“考古人最大的幸福是老死在探方里”

考古圈很小,小到开会总能碰到熟悉的面孔,任何一件事都能很快传播开去。

考古圈的人层次很高。

放眼望去,起码是本科生,硕士稀松平常,博士也越来越多。他们很多还留过学,或经常出国参加国际学术交流活动,知识渊博,见识深远。

考古是一门专业性很强综合性也很强的科学,要学过历史学和考古学,理解地层学和类型学,要懂考古绘图、照相和基本的测绘等野外考古技能。到了考古工地,要能布线挖探方,写探方日记、考古简报和考古发掘报告。

此外,你要懂一定的文物保护知识,出土文物的保护工作有的要在现场完成,有的则要取回室内。要会管理民工、技工,有一定的社交技能,能与当地的村长支书等村干部打成一片,让他们理解并支持你的工作。

考古人还需要有一定的谈判技能,与建设单位签订文物保护协议与合同,向他们传播文物保护知识,让他们知道文物保护经费的构成是什么样的,为什么要由他们提供考古经费。

考古人还需要学会与媒体打交道,媒体对考古发现的热情有时超乎我们的想象,相关的新闻报道是人们永不厌烦的内容,社会各界人士都对此津津乐道。

因此,考古人是文化媒体人眼里最大的新闻来源,和最有价值最可靠的新闻线人。
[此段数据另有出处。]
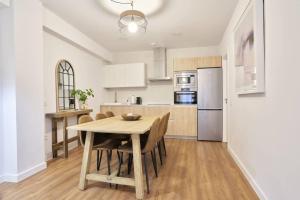 a kitchen and dining room with a table and chairs at El Balcón de Jauregui centro in Salamanca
新闻报道可以扩大考古成果的宣传,可以对地方政府和建设方的工作进行监督,但有时也会造成不必要的麻烦,引起工作的被动和来自社会各界的质疑与指责,因此,如何与媒体打交道,也是考古人一项重要的任务。

所以一个成功的考古人,都是不简单的人,绝对是一个能掌控全局担当大任的人。正因为如此,很多考古人最后都走上了领导岗位,成为一个单位或部门的领头羊。

考古界里精英多,才子才女多,男的多帅哥,女的多美女。

别看平时在田野里工作,“远看是要饭的,近看是收破烂的,细看是考古勘探的”。然而一旦脱离了田野回到大城市,沐浴更衣后,男生西装革履,女生裙裾飘飘,转眼就是帅哥美女,让人刮目相看。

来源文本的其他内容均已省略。